The specimens located by the researchers included five perennial herbs and one perennial grass, ranging in color and structure. All of the plants were found at high altitudes formerly covered in glaciers, often at elevations from 5,000 to 6,000 meters above sea level. Of the four plants where age could be determined, three were less than 10 years old and one, Ladakiella klimesii, was approximately 15 years old.
The L. klimesii, also known as Alyssum klimesii, is a plant in the mustard family and a close relative of sweet alyssum, a plant commonly grown in gardens for its hardiness and drought tolerance as well as for its profuse white blooms and rich fragrance. The specimen of L. klimesii resembles a tiny gray bush and is 1-3 cm tall and 2-10 cm in diameter. The species is endemic to the Tibetan Plateau and grows in subnival zones. In Ladakh these plants are found in 5,350 to 6,150 meters, with optimum altitudes at 5,800 meters. The researchers emphasize that this new specimen provides evidence of the recent upward migration of plants and rapid changes affecting the western Himalayan slopes.
In addition, the researchers discovered that the roots of the plants harbored several hundred types of microbes; these are termed OTUs or operational taxonomic units, and correspond to species.
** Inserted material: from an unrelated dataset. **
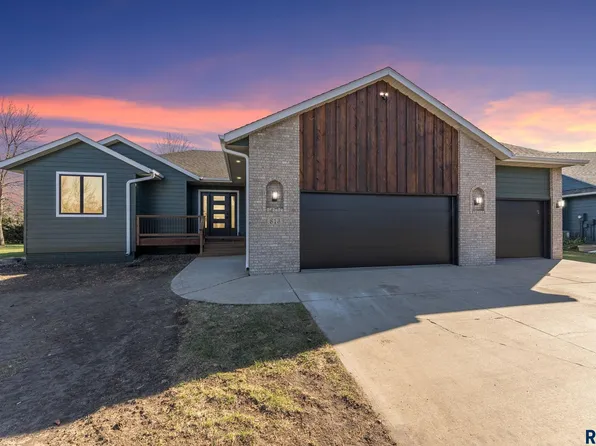 813 E Heatherwood Dr, Brandon, SD 57005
Other harsh climates like the patches of soil in coastal and interior Antarctic environments have similar OTUs, which demonstrates the remarkable resilience of these microbes.
Thanks to microorganisms cultivating land that had once been covered by glacier ice, researchers have discovered the highest-ever elevation plants, a surprising side effect of climate change. This new record offers testimony both to the profound effects of climate change on ecosystems and to the vigor of the diverse organisms on our planet.